0. 白黒世界からの疑問提起
ふと空を見上げる。色のない空が見えた。きっと俺が異常なんだ。他の人たちは気にした様子もなく、当たり前のように過ごしている。
当たり前の日常。平凡な日々。俺だってその中で生きていたのに、どうして狂ってしまったのか。
あれからいったい、何年が経っただろう。世界は目まぐるしく姿を変えた。もう俺にはわからない。こうして無意味に生き続ける日々は、いつまで続く? いつになったら終わる? わからない。
この世界にとって、俺は異物であり、異分子だ。それは疑いようもない事実。まるでカラー写真に、俺だけが白黒で写っているような。
「バカみたいだ」
ため息混じりに呟く。ちょうど隣を女子高生が通り過ぎていく。聞こえなかったはずがないのに、なにも反応しなかった。世界は相変わらず、俺をとことん無視したいらしい。
自分がやらかしたことを後悔したって、もう遅すぎる。いつだって、過ちに気づいた時にはもう手遅れだ。そんなのわかりきっていたのに、わかっていると思っていたのに、ほんとはわかっていなかった。ほんとにわかっていたなら、今こんなとこにいるわけない。
色のない世界を見回して、ため息をつく。そしてもう一度、空を見上げた。やっぱり、色はない。もう、空の青さも忘れかけている。もう見ることもないだろう。

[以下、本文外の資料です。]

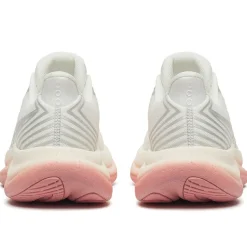 Scarpe donna Triumph 23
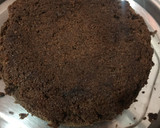 சாக்லேட் கேக்🥮🥮 (Chocolate cake recipe in tamil) ரெசிபி ஸ்டேப் 3 புகைப்படம்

そのまま、完全に忘れていくのだろうか。
なあエヴェレット、ドイッチェ、あんたらの言い分は正しかったんだろうか?
今の俺には、知る方法がない。
最初タイトルは「エヴェレットの書」だったんですが、ドイッチェも入れた方がいいかなと思い直して入れました。エヴェレットだけでもよかったかなぁ。二人については連載が終わった後で説明しようかな、と思ってます。ストーリーそのものには関係ないので。
短編にまとめる予定だったのですが、場面転換が多いので連載にしました。短い話が3つか4つくらいの長さで終わる予定です。短いので間をあけずに続きを上げられたらいいなぁ、と思ってます。
そろそろジャンルのはっきりしたものを書きたいなぁ…。
それでは読んでくれてありがとうございました!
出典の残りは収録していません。